── Data for analysis
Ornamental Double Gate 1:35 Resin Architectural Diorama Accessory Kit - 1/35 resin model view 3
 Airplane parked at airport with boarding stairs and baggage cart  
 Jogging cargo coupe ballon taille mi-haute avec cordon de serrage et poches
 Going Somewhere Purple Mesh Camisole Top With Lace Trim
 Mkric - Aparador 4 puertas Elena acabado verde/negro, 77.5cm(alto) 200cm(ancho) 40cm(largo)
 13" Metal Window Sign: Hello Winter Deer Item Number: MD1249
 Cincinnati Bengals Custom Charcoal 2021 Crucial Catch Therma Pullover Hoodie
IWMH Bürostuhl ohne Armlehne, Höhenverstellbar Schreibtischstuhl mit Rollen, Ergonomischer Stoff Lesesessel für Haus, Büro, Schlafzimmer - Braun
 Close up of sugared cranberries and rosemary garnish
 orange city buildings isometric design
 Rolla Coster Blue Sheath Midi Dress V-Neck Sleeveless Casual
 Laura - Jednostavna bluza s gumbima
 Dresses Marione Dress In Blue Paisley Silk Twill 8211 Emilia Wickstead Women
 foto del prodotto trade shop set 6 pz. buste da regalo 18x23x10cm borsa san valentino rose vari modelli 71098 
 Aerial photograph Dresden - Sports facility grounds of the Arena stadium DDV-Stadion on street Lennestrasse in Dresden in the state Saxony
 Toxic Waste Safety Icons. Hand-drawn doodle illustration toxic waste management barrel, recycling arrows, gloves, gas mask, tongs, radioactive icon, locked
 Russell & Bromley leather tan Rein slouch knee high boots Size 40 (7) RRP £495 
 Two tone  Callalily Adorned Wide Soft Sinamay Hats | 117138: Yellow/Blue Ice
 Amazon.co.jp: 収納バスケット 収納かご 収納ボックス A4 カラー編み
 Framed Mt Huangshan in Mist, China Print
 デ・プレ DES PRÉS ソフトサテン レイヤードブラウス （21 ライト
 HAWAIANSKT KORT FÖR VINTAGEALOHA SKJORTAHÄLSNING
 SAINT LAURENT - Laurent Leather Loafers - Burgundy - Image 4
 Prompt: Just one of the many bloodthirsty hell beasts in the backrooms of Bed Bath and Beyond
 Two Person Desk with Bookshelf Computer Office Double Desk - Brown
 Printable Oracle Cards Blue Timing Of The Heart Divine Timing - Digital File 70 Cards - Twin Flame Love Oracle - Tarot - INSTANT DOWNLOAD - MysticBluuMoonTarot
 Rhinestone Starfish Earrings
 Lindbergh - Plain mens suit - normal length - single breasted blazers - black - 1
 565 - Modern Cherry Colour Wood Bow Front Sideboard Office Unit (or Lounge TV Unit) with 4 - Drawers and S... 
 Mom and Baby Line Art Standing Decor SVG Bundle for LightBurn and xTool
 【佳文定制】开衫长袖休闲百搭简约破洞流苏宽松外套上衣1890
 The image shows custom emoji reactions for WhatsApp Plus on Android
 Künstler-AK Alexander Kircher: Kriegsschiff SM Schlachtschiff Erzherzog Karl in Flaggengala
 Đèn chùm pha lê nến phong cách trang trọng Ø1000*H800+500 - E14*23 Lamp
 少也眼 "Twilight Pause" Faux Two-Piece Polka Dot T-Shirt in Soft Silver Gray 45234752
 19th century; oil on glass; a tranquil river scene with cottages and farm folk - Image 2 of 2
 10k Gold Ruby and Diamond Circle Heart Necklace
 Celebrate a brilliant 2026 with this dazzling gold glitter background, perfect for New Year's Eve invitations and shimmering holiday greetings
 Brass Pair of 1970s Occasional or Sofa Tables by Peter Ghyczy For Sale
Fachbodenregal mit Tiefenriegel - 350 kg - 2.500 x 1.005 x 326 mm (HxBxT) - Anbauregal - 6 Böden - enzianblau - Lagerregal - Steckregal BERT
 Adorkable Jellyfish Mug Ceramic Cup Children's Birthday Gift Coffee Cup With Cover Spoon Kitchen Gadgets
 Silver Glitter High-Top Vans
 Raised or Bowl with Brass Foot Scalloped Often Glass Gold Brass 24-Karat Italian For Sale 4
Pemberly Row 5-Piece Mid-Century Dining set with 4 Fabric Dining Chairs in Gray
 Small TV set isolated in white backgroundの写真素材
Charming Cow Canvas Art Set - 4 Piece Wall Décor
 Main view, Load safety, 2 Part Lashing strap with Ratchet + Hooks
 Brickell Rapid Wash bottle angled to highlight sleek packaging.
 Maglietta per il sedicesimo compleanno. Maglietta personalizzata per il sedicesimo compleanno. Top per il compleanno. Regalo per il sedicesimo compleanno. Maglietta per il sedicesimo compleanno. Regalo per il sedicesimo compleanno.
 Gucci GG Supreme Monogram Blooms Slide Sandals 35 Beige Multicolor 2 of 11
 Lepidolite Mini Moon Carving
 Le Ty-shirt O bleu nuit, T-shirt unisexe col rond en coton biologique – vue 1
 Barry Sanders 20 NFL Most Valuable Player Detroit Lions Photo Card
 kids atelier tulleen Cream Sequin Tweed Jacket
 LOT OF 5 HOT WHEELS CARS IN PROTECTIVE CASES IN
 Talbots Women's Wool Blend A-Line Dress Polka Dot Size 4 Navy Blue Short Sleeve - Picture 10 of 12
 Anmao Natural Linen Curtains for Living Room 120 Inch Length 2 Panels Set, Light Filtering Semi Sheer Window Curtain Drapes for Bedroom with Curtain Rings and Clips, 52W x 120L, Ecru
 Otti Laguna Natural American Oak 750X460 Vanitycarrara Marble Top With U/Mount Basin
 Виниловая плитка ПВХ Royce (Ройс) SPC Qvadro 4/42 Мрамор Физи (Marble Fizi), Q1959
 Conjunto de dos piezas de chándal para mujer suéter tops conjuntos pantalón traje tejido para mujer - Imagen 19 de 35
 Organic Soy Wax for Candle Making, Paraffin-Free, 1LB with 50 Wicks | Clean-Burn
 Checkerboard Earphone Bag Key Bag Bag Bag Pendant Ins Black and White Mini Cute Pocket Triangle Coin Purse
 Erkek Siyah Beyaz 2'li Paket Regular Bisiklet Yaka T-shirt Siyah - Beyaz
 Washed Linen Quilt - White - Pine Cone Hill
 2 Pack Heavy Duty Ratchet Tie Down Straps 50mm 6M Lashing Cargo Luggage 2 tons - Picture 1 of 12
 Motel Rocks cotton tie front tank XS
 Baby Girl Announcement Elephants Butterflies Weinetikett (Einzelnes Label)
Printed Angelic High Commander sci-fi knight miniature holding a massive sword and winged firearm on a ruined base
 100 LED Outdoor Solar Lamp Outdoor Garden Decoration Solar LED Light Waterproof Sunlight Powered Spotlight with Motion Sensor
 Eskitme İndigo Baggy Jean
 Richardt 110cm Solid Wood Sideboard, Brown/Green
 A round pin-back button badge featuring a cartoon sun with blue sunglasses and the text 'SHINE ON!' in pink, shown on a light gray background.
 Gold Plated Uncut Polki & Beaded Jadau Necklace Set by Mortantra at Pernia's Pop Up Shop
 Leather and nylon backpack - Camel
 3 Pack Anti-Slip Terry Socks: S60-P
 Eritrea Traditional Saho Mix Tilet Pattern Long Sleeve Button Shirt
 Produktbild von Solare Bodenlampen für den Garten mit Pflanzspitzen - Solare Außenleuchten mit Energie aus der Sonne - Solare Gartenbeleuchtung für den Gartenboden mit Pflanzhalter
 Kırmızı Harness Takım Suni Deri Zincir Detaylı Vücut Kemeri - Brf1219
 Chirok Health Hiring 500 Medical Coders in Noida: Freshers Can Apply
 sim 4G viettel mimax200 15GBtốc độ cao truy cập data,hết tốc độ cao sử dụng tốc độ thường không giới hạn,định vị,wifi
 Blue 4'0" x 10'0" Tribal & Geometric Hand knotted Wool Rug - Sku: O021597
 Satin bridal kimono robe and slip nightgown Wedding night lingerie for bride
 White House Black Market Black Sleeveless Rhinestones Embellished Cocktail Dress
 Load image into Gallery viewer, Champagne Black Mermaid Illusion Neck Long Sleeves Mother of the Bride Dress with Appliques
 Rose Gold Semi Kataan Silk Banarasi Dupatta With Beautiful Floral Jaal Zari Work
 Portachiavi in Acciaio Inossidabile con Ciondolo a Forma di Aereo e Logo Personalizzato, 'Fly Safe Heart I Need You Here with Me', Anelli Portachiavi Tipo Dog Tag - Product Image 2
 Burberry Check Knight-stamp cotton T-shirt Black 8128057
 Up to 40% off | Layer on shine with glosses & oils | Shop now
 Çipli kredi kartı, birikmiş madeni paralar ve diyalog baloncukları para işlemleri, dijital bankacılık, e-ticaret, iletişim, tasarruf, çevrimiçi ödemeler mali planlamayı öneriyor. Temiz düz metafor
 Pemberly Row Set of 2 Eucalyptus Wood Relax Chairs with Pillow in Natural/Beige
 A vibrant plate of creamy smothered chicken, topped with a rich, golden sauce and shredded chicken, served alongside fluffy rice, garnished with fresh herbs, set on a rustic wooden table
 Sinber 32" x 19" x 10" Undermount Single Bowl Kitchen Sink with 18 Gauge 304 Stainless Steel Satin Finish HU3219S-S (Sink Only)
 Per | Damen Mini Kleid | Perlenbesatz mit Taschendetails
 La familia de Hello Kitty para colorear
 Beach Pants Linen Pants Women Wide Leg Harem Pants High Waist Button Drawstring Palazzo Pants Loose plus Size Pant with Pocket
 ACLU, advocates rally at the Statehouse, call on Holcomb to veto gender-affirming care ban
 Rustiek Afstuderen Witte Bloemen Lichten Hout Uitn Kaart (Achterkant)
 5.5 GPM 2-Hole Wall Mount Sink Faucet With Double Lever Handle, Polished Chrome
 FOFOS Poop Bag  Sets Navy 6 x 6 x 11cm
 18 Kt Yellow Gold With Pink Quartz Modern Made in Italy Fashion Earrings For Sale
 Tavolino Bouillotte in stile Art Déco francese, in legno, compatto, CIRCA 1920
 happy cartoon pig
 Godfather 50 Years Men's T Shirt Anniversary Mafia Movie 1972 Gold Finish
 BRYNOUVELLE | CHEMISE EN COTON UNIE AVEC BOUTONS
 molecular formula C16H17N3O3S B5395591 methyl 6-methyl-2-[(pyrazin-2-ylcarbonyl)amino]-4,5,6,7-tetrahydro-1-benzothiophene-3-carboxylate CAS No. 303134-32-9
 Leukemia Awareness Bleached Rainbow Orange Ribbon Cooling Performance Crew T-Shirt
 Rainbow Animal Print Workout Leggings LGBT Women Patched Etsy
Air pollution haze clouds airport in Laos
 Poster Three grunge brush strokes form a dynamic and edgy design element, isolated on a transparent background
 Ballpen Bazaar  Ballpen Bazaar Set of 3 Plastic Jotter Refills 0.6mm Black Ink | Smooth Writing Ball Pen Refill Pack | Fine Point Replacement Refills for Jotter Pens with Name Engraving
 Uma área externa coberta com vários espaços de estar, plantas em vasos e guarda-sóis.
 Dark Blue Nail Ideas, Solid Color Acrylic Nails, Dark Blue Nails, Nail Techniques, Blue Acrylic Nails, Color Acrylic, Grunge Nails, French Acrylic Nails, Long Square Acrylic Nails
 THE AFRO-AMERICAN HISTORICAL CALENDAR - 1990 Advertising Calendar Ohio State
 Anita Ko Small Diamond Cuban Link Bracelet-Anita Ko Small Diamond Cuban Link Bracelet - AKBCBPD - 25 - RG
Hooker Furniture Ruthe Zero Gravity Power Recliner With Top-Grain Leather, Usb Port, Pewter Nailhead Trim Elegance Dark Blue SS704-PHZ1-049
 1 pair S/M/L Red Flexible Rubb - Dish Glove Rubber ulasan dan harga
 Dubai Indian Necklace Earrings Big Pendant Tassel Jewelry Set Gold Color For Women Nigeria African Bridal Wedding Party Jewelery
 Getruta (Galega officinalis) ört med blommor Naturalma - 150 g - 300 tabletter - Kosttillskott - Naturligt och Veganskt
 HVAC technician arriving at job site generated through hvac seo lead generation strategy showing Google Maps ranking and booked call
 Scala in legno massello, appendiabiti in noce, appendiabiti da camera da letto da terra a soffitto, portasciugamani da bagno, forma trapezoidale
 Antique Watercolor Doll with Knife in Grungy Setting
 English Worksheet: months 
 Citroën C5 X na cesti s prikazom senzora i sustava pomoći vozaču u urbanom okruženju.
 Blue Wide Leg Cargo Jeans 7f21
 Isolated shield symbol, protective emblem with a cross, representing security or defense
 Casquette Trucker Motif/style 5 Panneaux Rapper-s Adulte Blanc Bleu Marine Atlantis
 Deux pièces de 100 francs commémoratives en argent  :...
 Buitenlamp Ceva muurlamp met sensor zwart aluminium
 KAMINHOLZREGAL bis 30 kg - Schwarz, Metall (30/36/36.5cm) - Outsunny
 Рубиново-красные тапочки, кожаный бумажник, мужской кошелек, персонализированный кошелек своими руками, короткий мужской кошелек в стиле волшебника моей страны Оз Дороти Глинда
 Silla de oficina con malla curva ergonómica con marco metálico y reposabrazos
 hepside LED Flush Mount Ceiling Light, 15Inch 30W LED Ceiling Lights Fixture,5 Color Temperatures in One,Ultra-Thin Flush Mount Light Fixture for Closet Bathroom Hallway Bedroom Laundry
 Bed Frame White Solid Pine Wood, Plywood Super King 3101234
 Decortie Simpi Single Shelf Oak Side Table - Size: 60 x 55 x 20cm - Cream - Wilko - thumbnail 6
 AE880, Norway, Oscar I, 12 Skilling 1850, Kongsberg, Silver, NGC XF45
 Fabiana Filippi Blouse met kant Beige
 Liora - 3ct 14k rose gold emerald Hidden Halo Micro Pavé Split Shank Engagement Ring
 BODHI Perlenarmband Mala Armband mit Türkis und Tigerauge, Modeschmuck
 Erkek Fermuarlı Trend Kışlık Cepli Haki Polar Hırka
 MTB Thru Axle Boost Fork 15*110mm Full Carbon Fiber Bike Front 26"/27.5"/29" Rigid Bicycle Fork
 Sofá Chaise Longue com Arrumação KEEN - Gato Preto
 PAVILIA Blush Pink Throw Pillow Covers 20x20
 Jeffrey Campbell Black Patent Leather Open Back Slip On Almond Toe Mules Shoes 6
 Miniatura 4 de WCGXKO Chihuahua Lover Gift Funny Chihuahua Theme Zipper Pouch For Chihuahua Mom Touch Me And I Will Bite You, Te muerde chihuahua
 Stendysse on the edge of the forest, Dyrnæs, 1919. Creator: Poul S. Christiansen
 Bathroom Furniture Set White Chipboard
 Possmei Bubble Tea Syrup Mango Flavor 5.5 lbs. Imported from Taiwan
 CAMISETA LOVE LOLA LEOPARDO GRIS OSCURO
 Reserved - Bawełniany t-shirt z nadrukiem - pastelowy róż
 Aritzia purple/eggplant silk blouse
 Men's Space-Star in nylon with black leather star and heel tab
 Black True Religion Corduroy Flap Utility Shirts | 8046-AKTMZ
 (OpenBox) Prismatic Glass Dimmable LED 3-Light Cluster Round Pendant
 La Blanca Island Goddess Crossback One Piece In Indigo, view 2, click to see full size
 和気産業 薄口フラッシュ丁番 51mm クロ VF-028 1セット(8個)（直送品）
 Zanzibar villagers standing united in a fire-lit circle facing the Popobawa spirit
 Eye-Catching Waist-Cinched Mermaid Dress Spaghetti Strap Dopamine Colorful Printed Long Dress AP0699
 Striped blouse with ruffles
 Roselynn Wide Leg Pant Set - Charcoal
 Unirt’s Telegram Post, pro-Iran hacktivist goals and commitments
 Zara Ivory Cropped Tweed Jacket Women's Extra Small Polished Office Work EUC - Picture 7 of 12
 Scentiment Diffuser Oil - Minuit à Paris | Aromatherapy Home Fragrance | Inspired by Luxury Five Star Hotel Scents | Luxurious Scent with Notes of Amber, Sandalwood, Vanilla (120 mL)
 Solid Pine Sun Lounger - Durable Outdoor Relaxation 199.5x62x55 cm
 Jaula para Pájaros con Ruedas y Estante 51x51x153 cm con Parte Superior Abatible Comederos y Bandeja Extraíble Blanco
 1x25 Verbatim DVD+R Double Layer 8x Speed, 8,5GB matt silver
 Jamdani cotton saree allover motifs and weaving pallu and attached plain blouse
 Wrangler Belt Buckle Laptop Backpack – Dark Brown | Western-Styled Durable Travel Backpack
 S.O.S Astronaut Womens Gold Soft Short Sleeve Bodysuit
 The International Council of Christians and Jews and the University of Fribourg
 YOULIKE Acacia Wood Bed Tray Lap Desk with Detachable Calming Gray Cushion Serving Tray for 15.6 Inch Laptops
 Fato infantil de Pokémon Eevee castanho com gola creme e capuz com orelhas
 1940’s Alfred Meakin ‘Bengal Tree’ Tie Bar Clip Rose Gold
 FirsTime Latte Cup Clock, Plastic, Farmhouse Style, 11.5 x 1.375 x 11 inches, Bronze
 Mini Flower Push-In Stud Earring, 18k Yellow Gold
────
> **What the task asks**
Pull each line containing the word "Ratchet" out of the data above.

> **Result below**
 Main view, Load safety, 2 Part Lashing strap with Ratchet + Hooks
 2 Pack Heavy Duty Ratchet Tie Down Straps 50mm 6M Lashing Cargo Luggage 2 tons - Picture 1 of 12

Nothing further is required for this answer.